In the case of Illinois state government, the bus driver (or perhaps the more professional term is operator) is the governor. And don't think other leaders in this state get a pass. Yeah we do have Senate President Emil Jones and House Speaker Michael J. Madigan, but what about Republican leaders in the General Assembly? The budget process now since June 1st or so (well whenever the overtime session started) requires a super majority which means that although Democrats have a much larger majority in the General Assembly (especially in the state Senate), they have to play ball with the Republican and I suppose the Republicans can run with the ball if they so choose.
Anyway let's have a look at the column...
Blagojevich, a politician who in person and in public can charm the socks off a snake, has from the very beginning of his first term in 2003 shelved his considerable people skills in favor of alienating just about everyone he needs to get something of significance done in Springfield.
From the moment he took office, he began cutting himself off, demonizing legislators of both parties for spending ''like drunken sailors'' and inexplicably refusing to return phone calls from fellow governors or even Illinois' senior U.S. senator, Dick Durbin.
Blagojevich made it clear from the beginning that he was going to go it alone. A solo player, the ultimate visionary populist.
There is no better example of that than his announcement early this year that he would push for universal state health care funded by a gigantic gross receipts tax on business. His proposal came out of the blue and was met with deafening silence.
Had Blagojevich prepared anyone for that idea during his 2006 re-election campaign?
No.
Had he built a bipartisan consensus or engaged the business community in discussions to prepare the way for such a grand plan?
No.
Had he galvanized public support in behalf of it?
No. No. No.
And yet, today, the governor hangs onto his health-care plan like a life preserver on the Titanic, last week threatening a shutdown of state government if he doesn't get his way, as other state services risk being thrown overboard.
There are icebergs ahead, one of them being the next two years' worth of pension payments that make this year's look like small change.
And, in addition to already unpaid Medicaid bills and struggling schools, there is the looming question of infrastructure. Last week's collapsed bridge tragedy in Minneapolis is not a Minnesota problem, it's our problem too, a warning of a ticking time bomb that, like so many other urgent needs, has been deferred because of a lack of smart legislative strategies, wise spending and, above all, leadership in finding a dependable, equitable source of new revenue.

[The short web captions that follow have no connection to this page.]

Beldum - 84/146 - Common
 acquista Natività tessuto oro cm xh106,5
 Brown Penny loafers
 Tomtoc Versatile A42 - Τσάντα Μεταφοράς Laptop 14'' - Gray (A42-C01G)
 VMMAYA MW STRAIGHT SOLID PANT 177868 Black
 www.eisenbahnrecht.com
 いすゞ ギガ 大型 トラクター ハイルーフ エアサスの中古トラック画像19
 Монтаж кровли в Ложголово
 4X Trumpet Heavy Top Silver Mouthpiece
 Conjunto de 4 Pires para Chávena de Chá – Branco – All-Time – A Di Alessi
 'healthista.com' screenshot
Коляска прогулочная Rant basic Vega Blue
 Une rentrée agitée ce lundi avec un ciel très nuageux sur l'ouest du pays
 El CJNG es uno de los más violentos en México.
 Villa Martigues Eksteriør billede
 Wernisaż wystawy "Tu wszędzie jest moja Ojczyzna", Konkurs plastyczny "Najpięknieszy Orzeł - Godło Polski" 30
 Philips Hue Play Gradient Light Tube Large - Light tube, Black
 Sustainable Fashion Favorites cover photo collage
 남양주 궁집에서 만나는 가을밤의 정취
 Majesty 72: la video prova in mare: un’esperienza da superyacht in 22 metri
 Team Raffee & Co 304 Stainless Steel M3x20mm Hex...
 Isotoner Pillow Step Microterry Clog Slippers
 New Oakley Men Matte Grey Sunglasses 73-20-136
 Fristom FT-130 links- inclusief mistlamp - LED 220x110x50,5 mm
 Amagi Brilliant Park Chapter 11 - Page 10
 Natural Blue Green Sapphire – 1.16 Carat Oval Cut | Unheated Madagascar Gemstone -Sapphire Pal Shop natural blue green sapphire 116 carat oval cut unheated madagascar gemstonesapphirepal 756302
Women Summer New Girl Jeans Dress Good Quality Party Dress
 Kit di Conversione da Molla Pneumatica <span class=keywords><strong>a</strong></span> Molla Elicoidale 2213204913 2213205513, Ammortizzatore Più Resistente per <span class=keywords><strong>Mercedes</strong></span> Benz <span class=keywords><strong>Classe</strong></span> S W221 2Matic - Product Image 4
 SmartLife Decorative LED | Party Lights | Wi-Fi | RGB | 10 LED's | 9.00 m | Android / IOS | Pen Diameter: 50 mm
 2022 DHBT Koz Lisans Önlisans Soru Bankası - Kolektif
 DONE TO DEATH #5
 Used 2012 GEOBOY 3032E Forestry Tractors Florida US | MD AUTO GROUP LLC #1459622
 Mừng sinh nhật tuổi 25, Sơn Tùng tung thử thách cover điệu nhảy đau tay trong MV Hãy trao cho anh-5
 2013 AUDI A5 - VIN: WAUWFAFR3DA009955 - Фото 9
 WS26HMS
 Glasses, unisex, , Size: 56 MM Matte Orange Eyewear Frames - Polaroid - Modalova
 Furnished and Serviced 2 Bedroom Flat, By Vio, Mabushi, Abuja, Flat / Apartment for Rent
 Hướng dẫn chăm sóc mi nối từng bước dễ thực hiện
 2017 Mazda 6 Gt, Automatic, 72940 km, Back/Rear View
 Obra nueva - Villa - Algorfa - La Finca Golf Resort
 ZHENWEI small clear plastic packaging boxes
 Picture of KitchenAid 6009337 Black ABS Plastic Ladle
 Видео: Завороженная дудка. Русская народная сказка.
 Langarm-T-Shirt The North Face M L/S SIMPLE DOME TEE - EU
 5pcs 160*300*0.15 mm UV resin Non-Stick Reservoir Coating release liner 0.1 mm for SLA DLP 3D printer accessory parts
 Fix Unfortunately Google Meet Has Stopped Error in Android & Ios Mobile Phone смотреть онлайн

Rod Blagojevich doesn't take all the blame in this battle. House Speaker Mike Madigan is no altar boy, nor is Senate President Emil Jones. And the Republican leaders have no halos.
But somewhere, I don't know where, a collective sense of statesmanship needs to be summoned by the egos at the top and most particularly by the governor -- not just to navigate the next few months, but the next few years.
Like passengers stuck on a busted bus, people may not know exactly where to focus their anger. But they're figuring it out.